Provided information Block Start
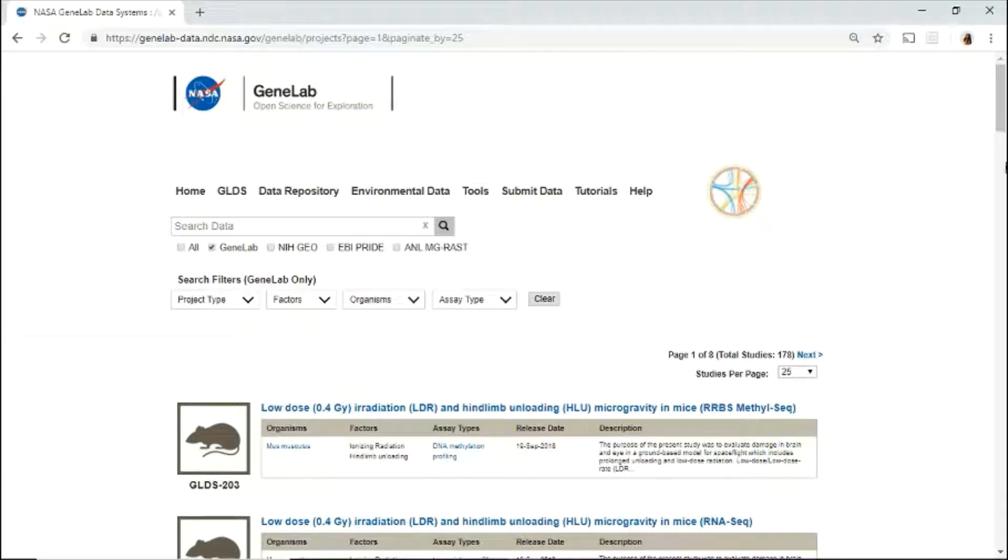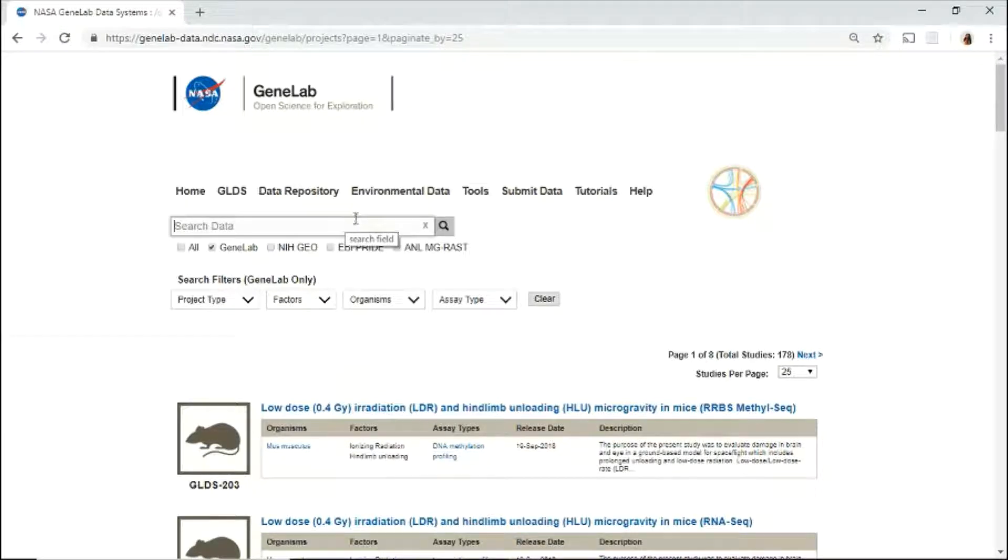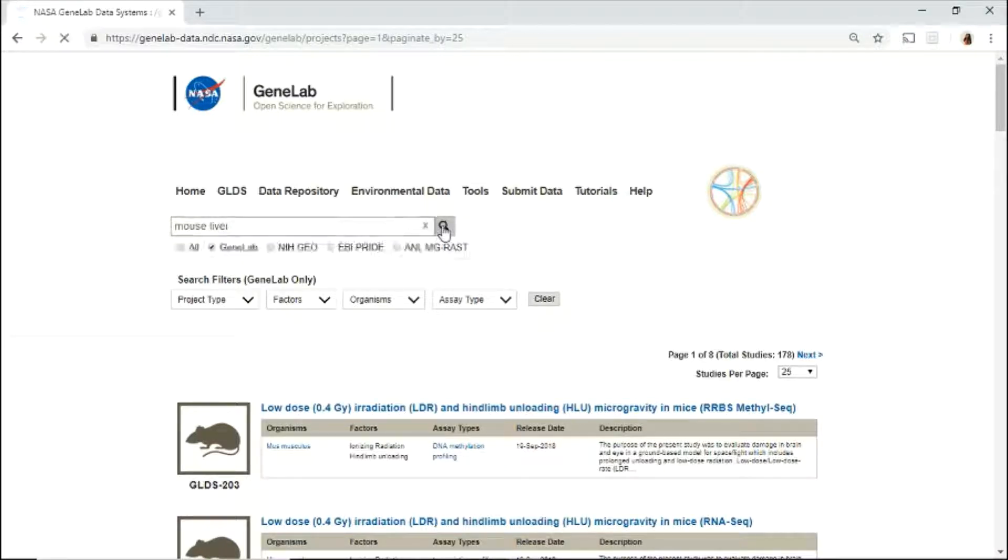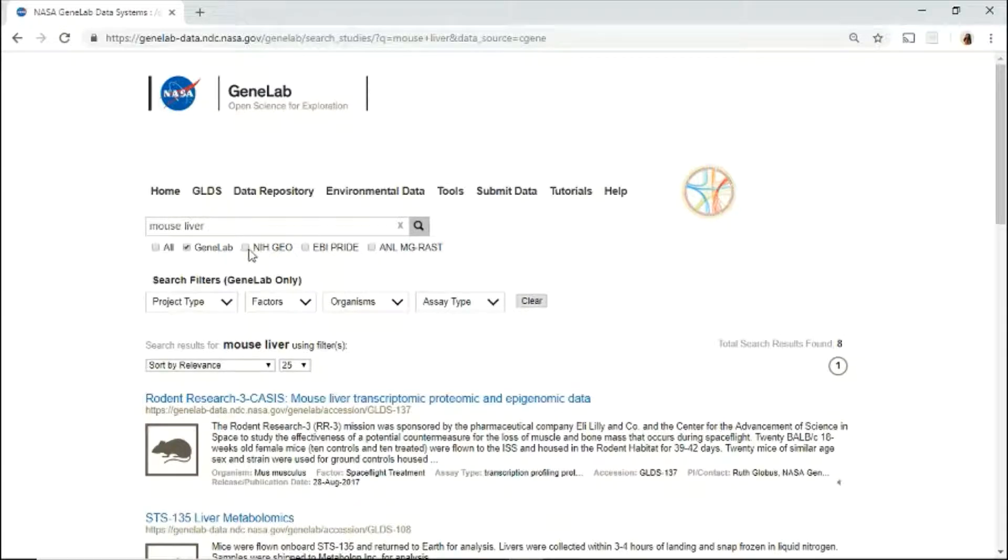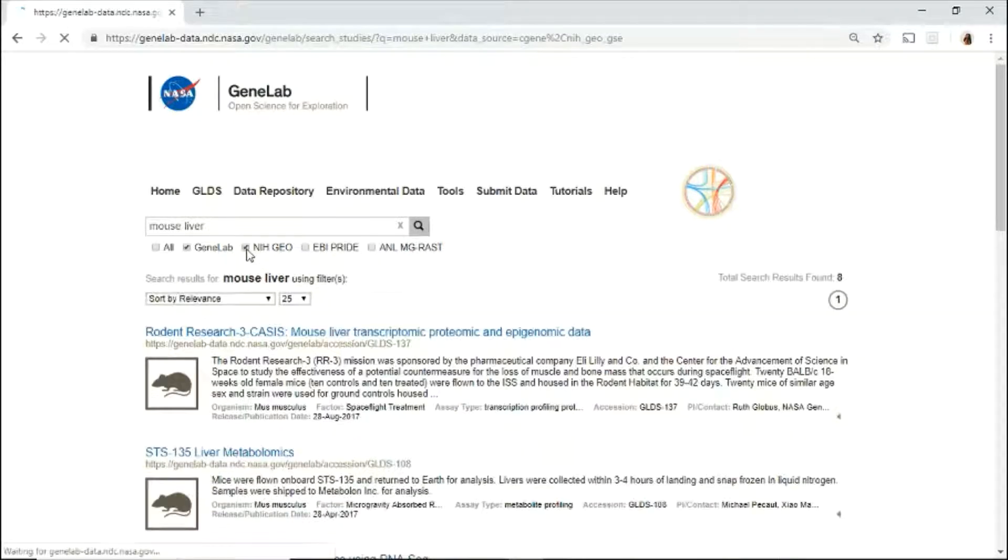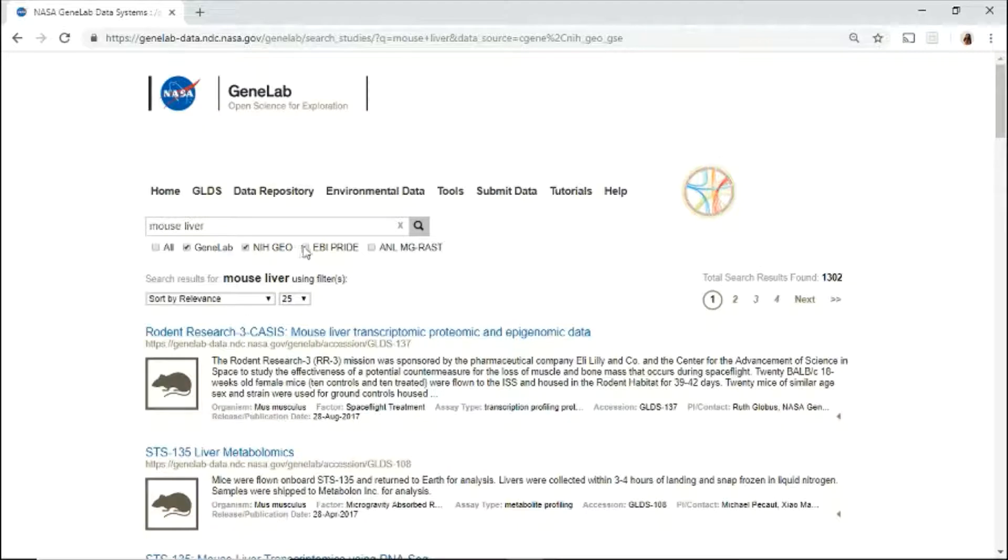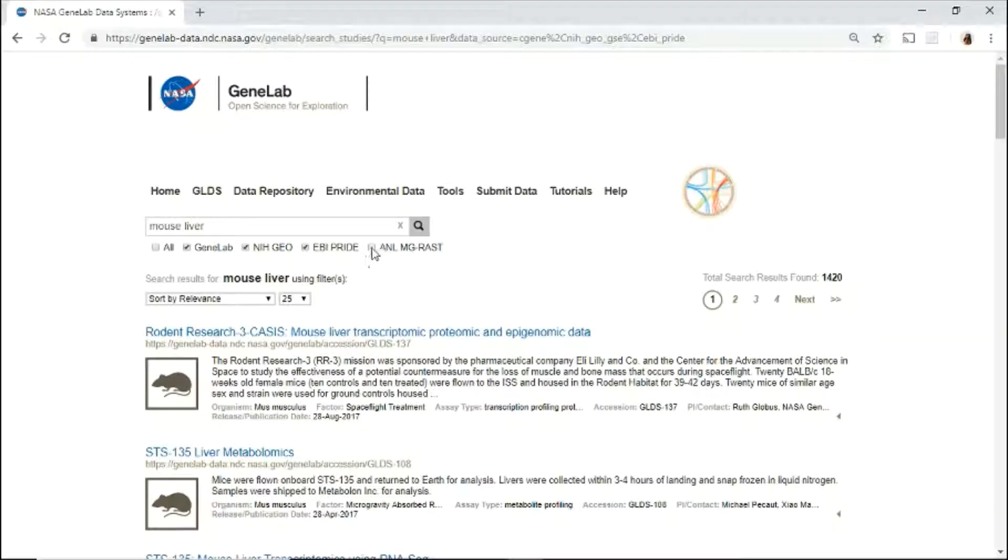You may search the repository by using the search bar or GeneLab search filters. In the search bar, enter keywords. For example, mouse, liver, and click the magnifying glass or enter to search. You may also search across various databases such as NIH-Geo, EBI-Pride, and ANL-MG-RASP.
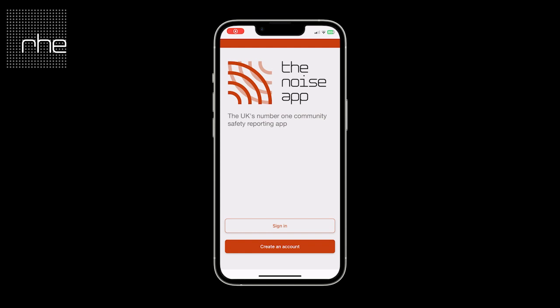Welcome to the NoiseApp walkthrough video. This video is to assist you with creating an account on the UK's number one community safety reporting app. This app allows you to submit evidence of the community safety issues that you are facing to your housing provider.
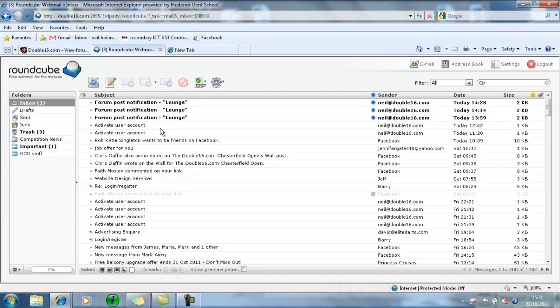I set it up earlier for the lounge, and there you can see I've got three new emails from the lounge. Now, the next thing you're going to think is obviously you're going to get millions of emails. That's not really a problem.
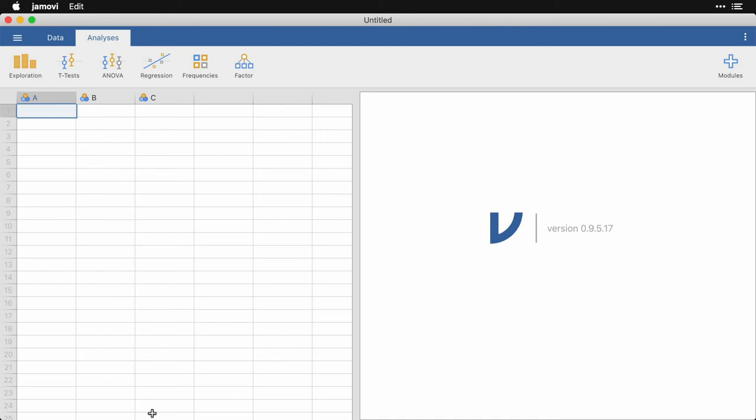When you open Jamovi, you're going to see the single unified window that contains all of the operations and output that you need to analyze your data.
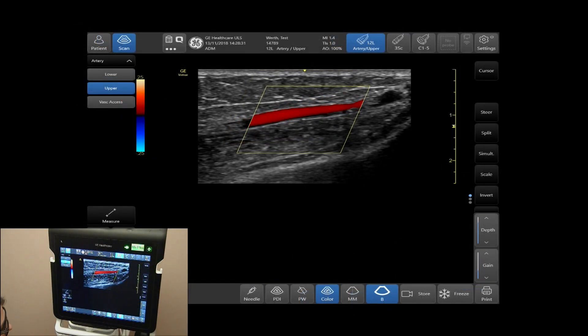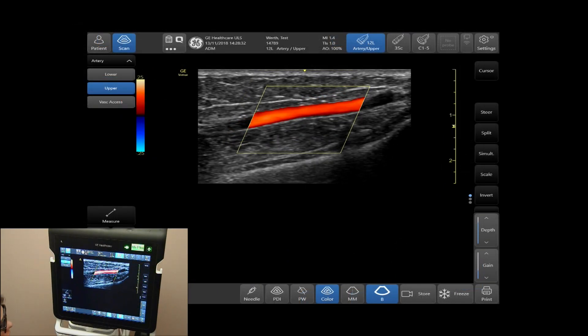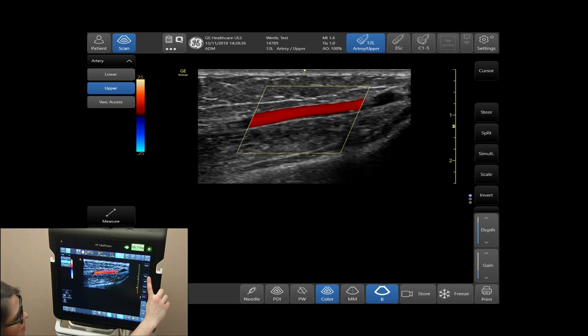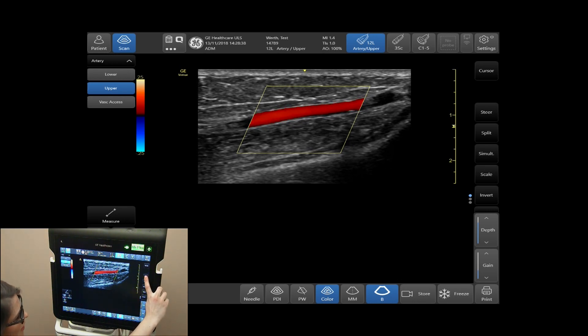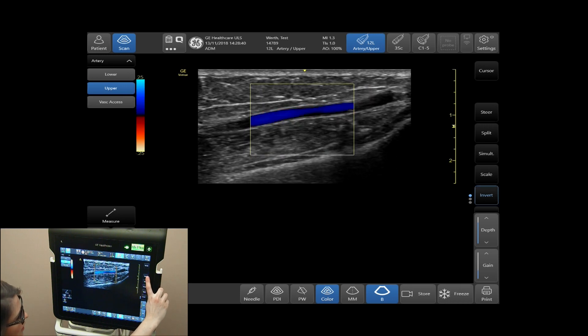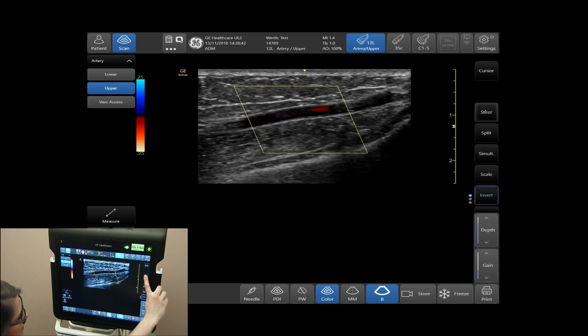To steer the angle of your box, on the right-hand side of your touch screen, select Steer, and it will steer from left center to right.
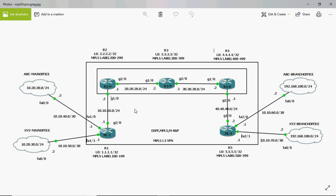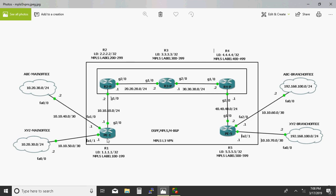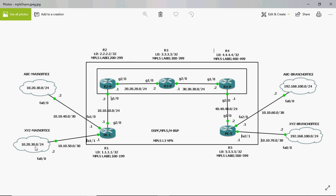A second customer is also getting services from the service provider. That customer is named XYZ. His main office is also in Chennai and his branch office is also in Mumbai — same location but a different customer. But they are using the same private IP addresses. According to RFC 1918, the customer has the right to use their own private IP, and the service provider cannot ask the customer to change the private IP. So customer XYZ is also using the same private IP used by ABC, both in the main office and the branch office.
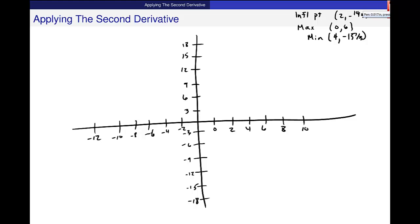I'm going to put these points on the graph: (2, negative 14 thirds) which is about negative 4 and a little bit, then (0, 6), and (4, negative 15 and a third) somewhere down here. I have those 3 solid points. At the inflection point, the graph is changing from concave down to concave up — kind of that S shape.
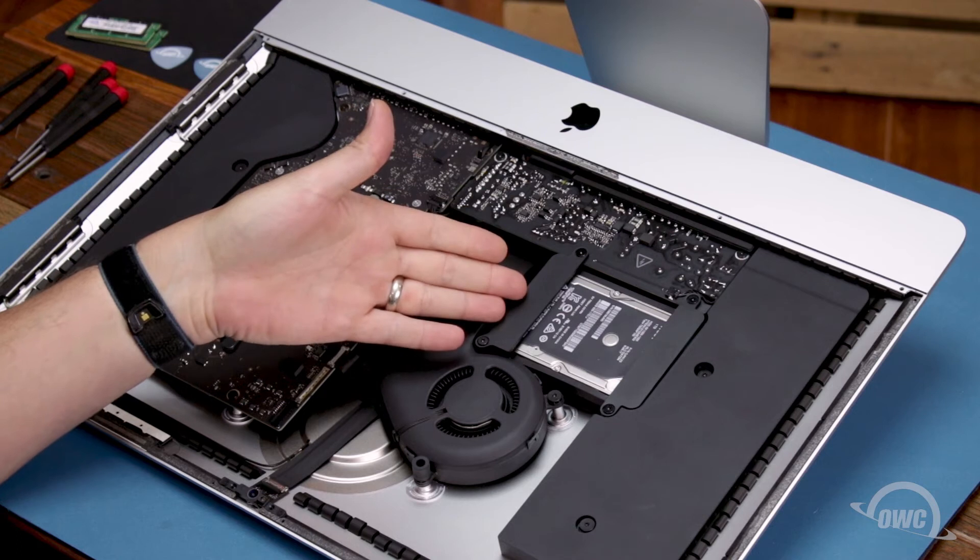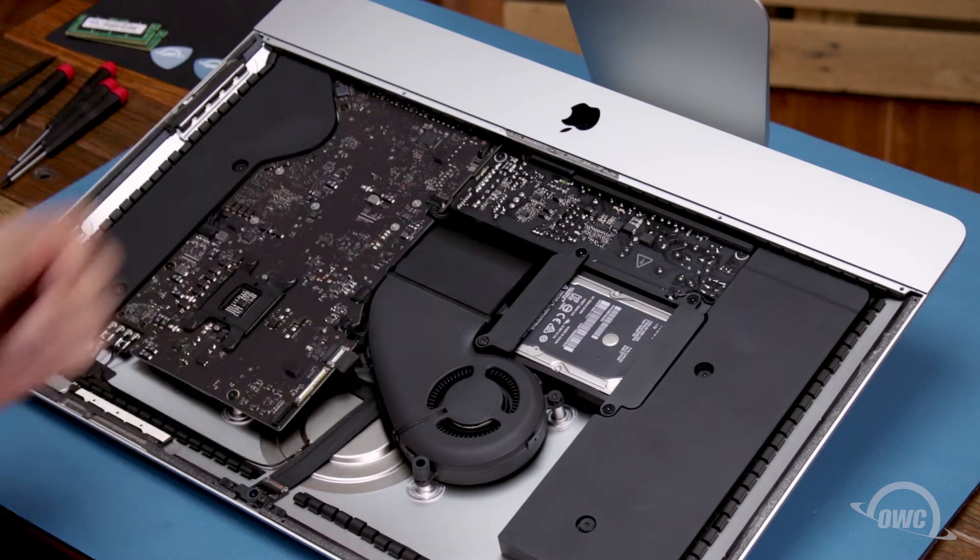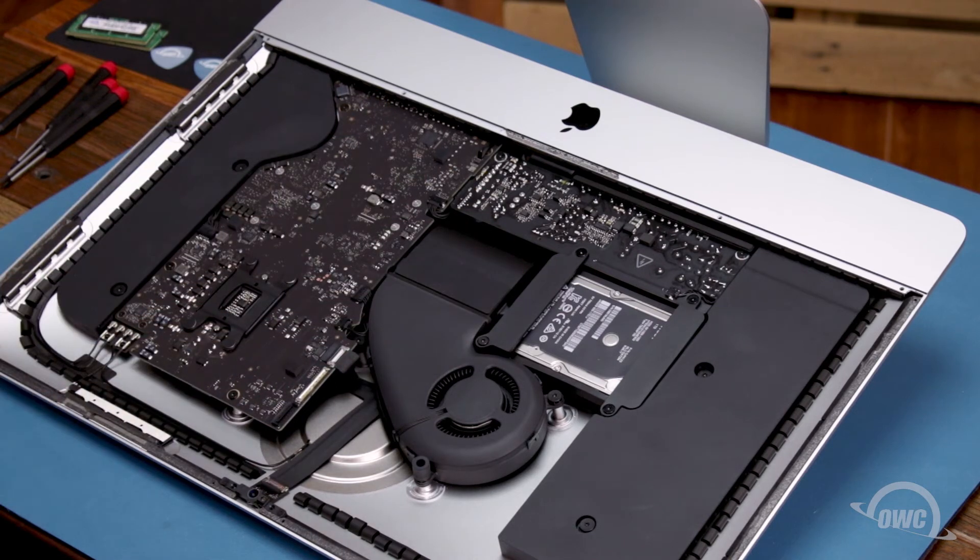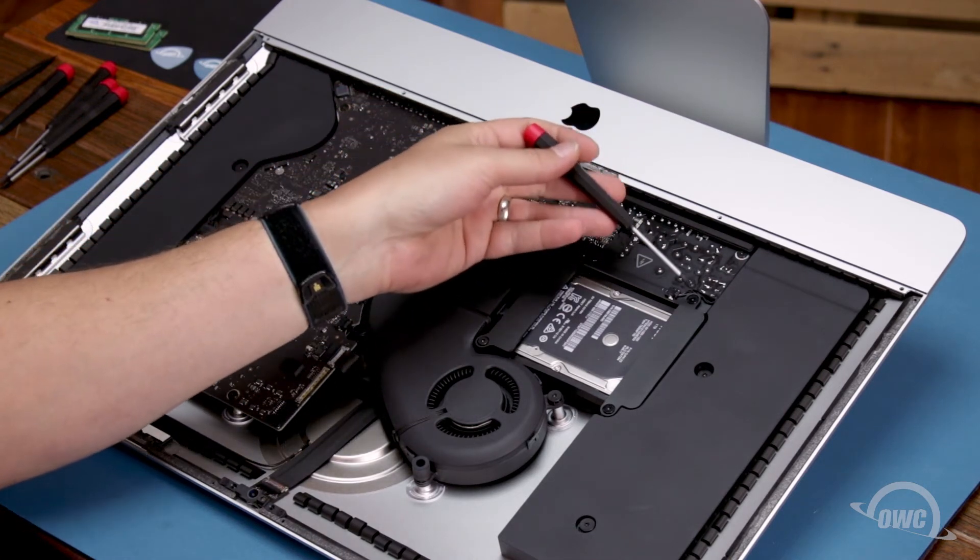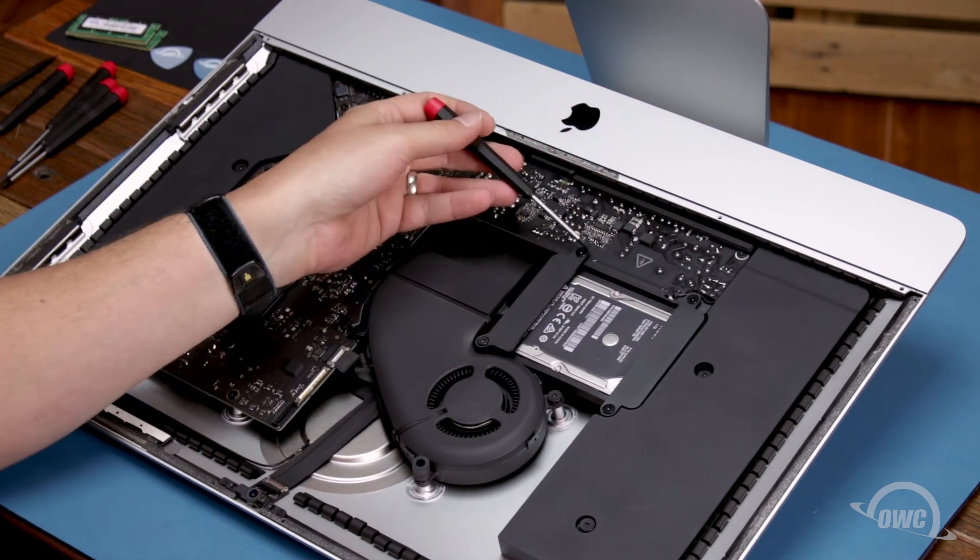To remove the original hard drive, we'll need to detach the retainers held in by these four Torx T10 screws.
Provided information Block End
Once the pictures are set aside, give every line above again without alteration.

> _Task answer_
You may search the repository by using the search bar or GeneLab search filters. In the search bar, enter keywords. For example, mouse, liver, and click the magnifying glass or enter to search. You may also search across various databases such as NIH-Geo, EBI-Pride, and ANL-MG-RASP.
Welcome to the NoiseApp walkthrough video. This video is to assist you with creating an account on the UK's number one community safety reporting app. This app allows you to submit evidence of the community safety issues that you are facing to your housing provider.
I set it up earlier for the lounge, and there you can see I've got three new emails from the lounge. Now, the next thing you're going to think is obviously you're going to get millions of emails. That's not really a problem.
When you open Jamovi, you're going to see the single unified window that contains all of the operations and output that you need to analyze your data.
To steer the angle of your box, on the right-hand side of your touch screen, select Steer, and it will steer from left center to right.
A second customer is also getting services from the service provider. That customer is named XYZ. His main office is also in Chennai and his branch office is also in Mumbai — same location but a different customer. But they are using the same private IP addresses. According to RFC 1918, the customer has the right to use their own private IP, and the service provider cannot ask the customer to change the private IP. So customer XYZ is also using the same private IP used by ABC, both in the main office and the branch office.
I'm going to put these points on the graph: (2, negative 14 thirds) which is about negative 4 and a little bit, then (0, 6), and (4, negative 15 and a third) somewhere down here. I have those 3 solid points. At the inflection point, the graph is changing from concave down to concave up — kind of that S shape.
To remove the original hard drive, we'll need to detach the retainers held in by these four Torx T10 screws.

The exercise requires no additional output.